## [Action item]
Faithfully repeat all of the records, as they are written below.

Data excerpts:
▼▼▼

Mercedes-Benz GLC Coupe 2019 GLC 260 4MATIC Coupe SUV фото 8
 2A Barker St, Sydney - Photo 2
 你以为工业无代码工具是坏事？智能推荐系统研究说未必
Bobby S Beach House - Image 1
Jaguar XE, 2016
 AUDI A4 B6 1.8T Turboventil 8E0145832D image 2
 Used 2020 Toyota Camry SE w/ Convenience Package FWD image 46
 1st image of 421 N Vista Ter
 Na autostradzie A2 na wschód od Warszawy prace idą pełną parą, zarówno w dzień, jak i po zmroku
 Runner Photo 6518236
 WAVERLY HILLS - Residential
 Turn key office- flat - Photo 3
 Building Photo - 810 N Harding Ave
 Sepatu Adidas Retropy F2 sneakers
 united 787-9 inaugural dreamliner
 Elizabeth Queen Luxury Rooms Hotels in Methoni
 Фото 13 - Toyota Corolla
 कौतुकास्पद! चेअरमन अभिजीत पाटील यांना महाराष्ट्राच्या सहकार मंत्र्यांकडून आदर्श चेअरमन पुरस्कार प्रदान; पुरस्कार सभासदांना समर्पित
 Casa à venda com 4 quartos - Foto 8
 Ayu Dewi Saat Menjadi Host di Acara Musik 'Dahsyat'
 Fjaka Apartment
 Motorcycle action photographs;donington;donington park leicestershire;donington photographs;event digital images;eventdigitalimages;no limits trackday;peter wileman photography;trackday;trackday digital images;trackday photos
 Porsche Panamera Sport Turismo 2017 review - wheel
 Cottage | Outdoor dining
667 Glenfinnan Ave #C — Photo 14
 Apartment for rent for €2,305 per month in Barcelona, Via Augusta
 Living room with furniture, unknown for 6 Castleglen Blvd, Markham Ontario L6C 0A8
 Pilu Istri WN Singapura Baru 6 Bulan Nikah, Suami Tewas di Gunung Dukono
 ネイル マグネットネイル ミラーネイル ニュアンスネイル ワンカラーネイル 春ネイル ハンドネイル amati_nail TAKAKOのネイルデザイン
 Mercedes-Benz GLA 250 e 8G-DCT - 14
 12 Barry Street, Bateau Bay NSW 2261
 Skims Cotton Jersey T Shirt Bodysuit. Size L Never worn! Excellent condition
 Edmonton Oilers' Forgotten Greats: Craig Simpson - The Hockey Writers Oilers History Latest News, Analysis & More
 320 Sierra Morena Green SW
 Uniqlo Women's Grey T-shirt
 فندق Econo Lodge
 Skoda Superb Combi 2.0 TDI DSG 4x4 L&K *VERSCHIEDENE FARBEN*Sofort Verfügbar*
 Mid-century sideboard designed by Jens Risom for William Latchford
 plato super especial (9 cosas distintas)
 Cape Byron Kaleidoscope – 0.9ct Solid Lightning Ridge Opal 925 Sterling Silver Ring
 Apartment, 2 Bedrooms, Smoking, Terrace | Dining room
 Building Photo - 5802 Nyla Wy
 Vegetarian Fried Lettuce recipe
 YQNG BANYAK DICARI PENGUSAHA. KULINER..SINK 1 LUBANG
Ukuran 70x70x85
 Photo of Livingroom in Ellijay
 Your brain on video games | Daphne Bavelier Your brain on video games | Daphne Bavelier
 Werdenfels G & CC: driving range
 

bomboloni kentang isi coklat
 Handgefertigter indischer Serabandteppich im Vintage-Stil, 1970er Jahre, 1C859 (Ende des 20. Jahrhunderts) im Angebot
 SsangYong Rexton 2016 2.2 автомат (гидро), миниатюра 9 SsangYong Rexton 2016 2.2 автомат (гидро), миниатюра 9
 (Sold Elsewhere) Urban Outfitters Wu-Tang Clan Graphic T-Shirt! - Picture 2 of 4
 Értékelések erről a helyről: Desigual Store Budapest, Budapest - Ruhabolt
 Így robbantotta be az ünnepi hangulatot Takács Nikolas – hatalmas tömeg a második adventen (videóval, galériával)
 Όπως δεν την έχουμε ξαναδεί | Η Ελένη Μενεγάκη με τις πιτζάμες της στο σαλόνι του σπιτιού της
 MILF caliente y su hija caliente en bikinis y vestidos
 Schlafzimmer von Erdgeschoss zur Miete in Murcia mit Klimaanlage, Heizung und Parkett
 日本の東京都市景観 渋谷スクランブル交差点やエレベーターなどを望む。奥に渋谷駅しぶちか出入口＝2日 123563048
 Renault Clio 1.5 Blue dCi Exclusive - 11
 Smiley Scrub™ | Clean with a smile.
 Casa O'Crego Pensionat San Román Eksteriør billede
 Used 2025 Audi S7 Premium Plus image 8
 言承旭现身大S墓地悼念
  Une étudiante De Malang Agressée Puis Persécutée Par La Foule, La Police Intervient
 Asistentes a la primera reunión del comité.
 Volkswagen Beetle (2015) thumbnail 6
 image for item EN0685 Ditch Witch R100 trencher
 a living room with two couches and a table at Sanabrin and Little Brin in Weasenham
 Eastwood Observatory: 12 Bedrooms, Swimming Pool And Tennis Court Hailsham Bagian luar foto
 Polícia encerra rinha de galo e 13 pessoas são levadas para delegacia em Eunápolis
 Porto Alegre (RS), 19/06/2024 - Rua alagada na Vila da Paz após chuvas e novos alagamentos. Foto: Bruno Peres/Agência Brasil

▲▲▲

## [Response to this task]
Mercedes-Benz GLC Coupe 2019 GLC 260 4MATIC Coupe SUV фото 8
 2A Barker St, Sydney - Photo 2
 你以为工业无代码工具是坏事？智能推荐系统研究说未必
Bobby S Beach House - Image 1
Jaguar XE, 2016
 AUDI A4 B6 1.8T Turboventil 8E0145832D image 2
 Used 2020 Toyota Camry SE w/ Convenience Package FWD image 46
 1st image of 421 N Vista Ter
 Na autostradzie A2 na wschód od Warszawy prace idą pełną parą, zarówno w dzień, jak i po zmroku
 Runner Photo 6518236
 WAVERLY HILLS - Residential
 Turn key office- flat - Photo 3
 Building Photo - 810 N Harding Ave
 Sepatu Adidas Retropy F2 sneakers
 united 787-9 inaugural dreamliner
 Elizabeth Queen Luxury Rooms Hotels in Methoni
 Фото 13 - Toyota Corolla
 कौतुकास्पद! चेअरमन अभिजीत पाटील यांना महाराष्ट्राच्या सहकार मंत्र्यांकडून आदर्श चेअरमन पुरस्कार प्रदान; पुरस्कार सभासदांना समर्पित
 Casa à venda com 4 quartos - Foto 8
 Ayu Dewi Saat Menjadi Host di Acara Musik 'Dahsyat'
 Fjaka Apartment
 Motorcycle action photographs;donington;donington park leicestershire;donington photographs;event digital images;eventdigitalimages;no limits trackday;peter wileman photography;trackday;trackday digital images;trackday photos
 Porsche Panamera Sport Turismo 2017 review - wheel
 Cottage | Outdoor dining
667 Glenfinnan Ave #C — Photo 14
 Apartment for rent for €2,305 per month in Barcelona, Via Augusta
 Living room with furniture, unknown for 6 Castleglen Blvd, Markham Ontario L6C 0A8
 Pilu Istri WN Singapura Baru 6 Bulan Nikah, Suami Tewas di Gunung Dukono
 ネイル マグネットネイル ミラーネイル ニュアンスネイル ワンカラーネイル 春ネイル ハンドネイル amati_nail TAKAKOのネイルデザイン
 Mercedes-Benz GLA 250 e 8G-DCT - 14
 12 Barry Street, Bateau Bay NSW 2261
 Skims Cotton Jersey T Shirt Bodysuit. Size L Never worn! Excellent condition
 Edmonton Oilers' Forgotten Greats: Craig Simpson - The Hockey Writers Oilers History Latest News, Analysis & More
 320 Sierra Morena Green SW
 Uniqlo Women's Grey T-shirt
 فندق Econo Lodge
 Skoda Superb Combi 2.0 TDI DSG 4x4 L&K *VERSCHIEDENE FARBEN*Sofort Verfügbar*
 Mid-century sideboard designed by Jens Risom for William Latchford
 plato super especial (9 cosas distintas)
 Cape Byron Kaleidoscope – 0.9ct Solid Lightning Ridge Opal 925 Sterling Silver Ring
 Apartment, 2 Bedrooms, Smoking, Terrace | Dining room
 Building Photo - 5802 Nyla Wy
 Vegetarian Fried Lettuce recipe
 YQNG BANYAK DICARI PENGUSAHA. KULINER..SINK 1 LUBANG
Ukuran 70x70x85
 Photo of Livingroom in Ellijay
 Your brain on video games | Daphne Bavelier Your brain on video games | Daphne Bavelier
 Werdenfels G & CC: driving range
 

bomboloni kentang isi coklat
 Handgefertigter indischer Serabandteppich im Vintage-Stil, 1970er Jahre, 1C859 (Ende des 20. Jahrhunderts) im Angebot
 SsangYong Rexton 2016 2.2 автомат (гидро), миниатюра 9 SsangYong Rexton 2016 2.2 автомат (гидро), миниатюра 9
 (Sold Elsewhere) Urban Outfitters Wu-Tang Clan Graphic T-Shirt! - Picture 2 of 4
 Értékelések erről a helyről: Desigual Store Budapest, Budapest - Ruhabolt
 Így robbantotta be az ünnepi hangulatot Takács Nikolas – hatalmas tömeg a második adventen (videóval, galériával)
 Όπως δεν την έχουμε ξαναδεί | Η Ελένη Μενεγάκη με τις πιτζάμες της στο σαλόνι του σπιτιού της
 MILF caliente y su hija caliente en bikinis y vestidos
 Schlafzimmer von Erdgeschoss zur Miete in Murcia mit Klimaanlage, Heizung und Parkett
 日本の東京都市景観 渋谷スクランブル交差点やエレベーターなどを望む。奥に渋谷駅しぶちか出入口＝2日 123563048
 Renault Clio 1.5 Blue dCi Exclusive - 11
 Smiley Scrub™ | Clean with a smile.
 Casa O'Crego Pensionat San Román Eksteriør billede
 Used 2025 Audi S7 Premium Plus image 8
 言承旭现身大S墓地悼念
  Une étudiante De Malang Agressée Puis Persécutée Par La Foule, La Police Intervient
 Asistentes a la primera reunión del comité.
 Volkswagen Beetle (2015) thumbnail 6
 image for item EN0685 Ditch Witch R100 trencher
 a living room with two couches and a table at Sanabrin and Little Brin in Weasenham
 Eastwood Observatory: 12 Bedrooms, Swimming Pool And Tennis Court Hailsham Bagian luar foto
 Polícia encerra rinha de galo e 13 pessoas são levadas para delegacia em Eunápolis
 Porto Alegre (RS), 19/06/2024 - Rua alagada na Vila da Paz após chuvas e novos alagamentos. Foto: Bruno Peres/Agência Brasil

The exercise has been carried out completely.